§ Dataset excerpt
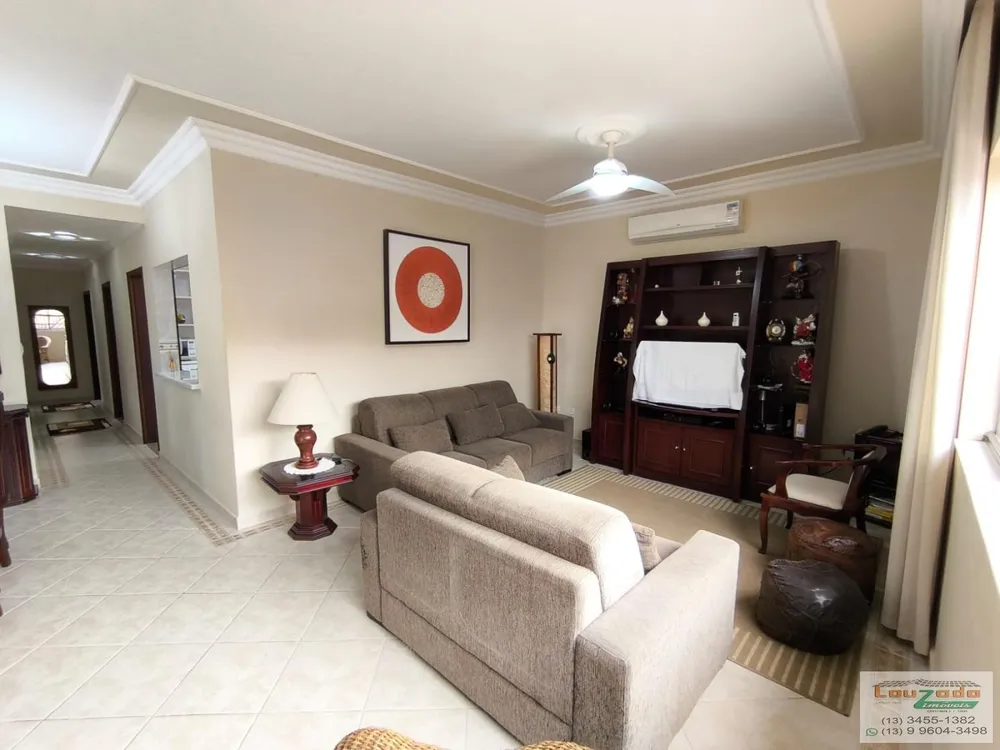 Casa, 3 quartos, 176 m² - Foto 2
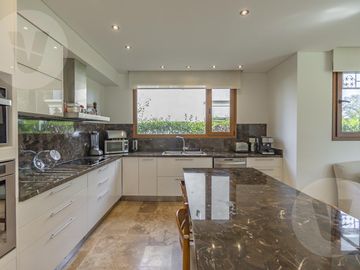 Casa en venta - Barrio Saint Thomas Este, Canning
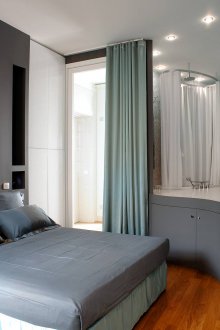 Εσωτερικό για το κορίτσι είναι γκρι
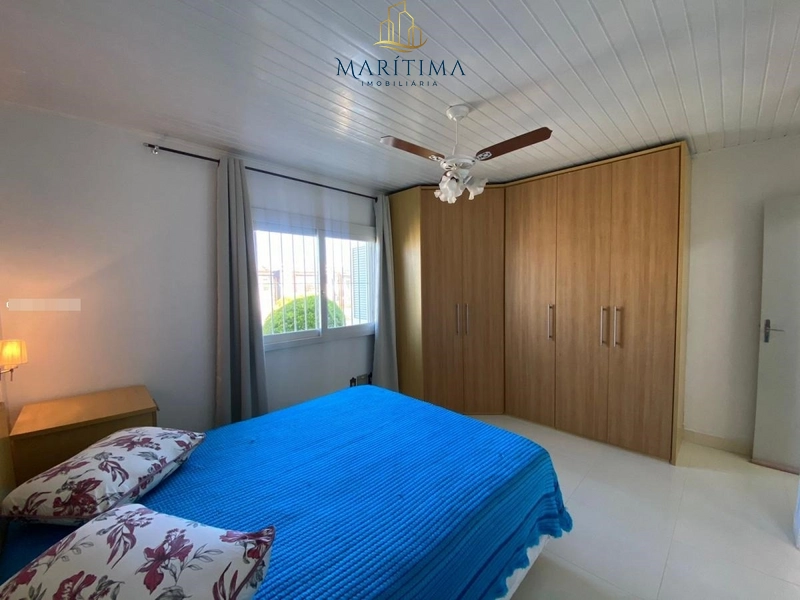 Linda casa com piscina!: 16ª foto da galeria de imagens do imóvel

§ Problem statement
Repeat, exactly and in full, all the material above except its pictures.

§ Task solution
 Casa, 3 quartos, 176 m² - Foto 2
 Casa en venta - Barrio Saint Thomas Este, Canning
 Εσωτερικό για το κορίτσι είναι γκρι
 Linda casa com piscina!: 16ª foto da galeria de imagens do imóvel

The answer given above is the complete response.